Given information
= = = = =

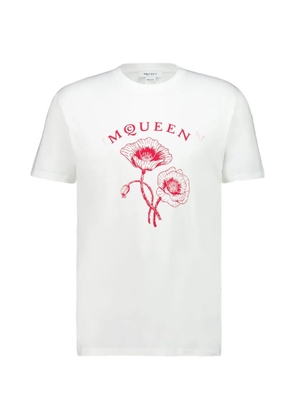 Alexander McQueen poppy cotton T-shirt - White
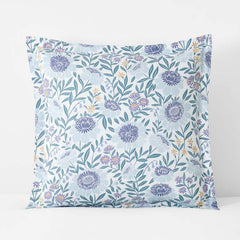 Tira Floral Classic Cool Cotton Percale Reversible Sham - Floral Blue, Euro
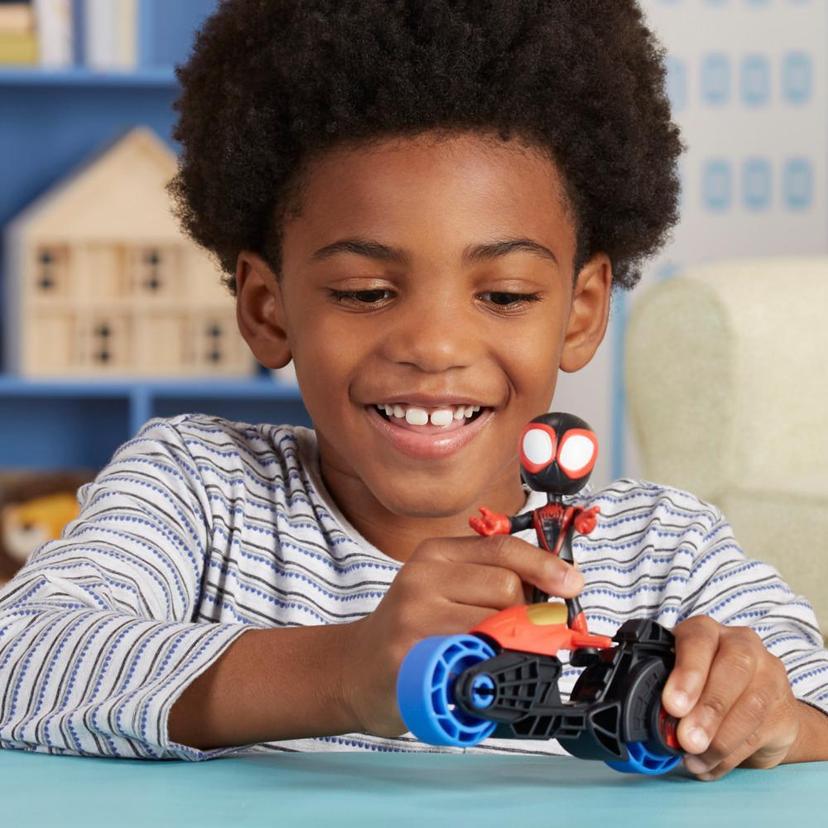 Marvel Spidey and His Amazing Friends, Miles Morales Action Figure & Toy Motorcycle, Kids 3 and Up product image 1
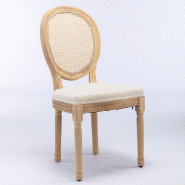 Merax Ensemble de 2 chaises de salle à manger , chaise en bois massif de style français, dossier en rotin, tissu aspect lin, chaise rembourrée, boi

= = = = =

What to do
Without the pictures, give every line above again exactly.

Your solution
 Alexander McQueen poppy cotton T-shirt - White
 Tira Floral Classic Cool Cotton Percale Reversible Sham - Floral Blue, Euro
 Marvel Spidey and His Amazing Friends, Miles Morales Action Figure & Toy Motorcycle, Kids 3 and Up product image 1
 Merax Ensemble de 2 chaises de salle à manger , chaise en bois massif de style français, dossier en rotin, tissu aspect lin, chaise rembourrée, boi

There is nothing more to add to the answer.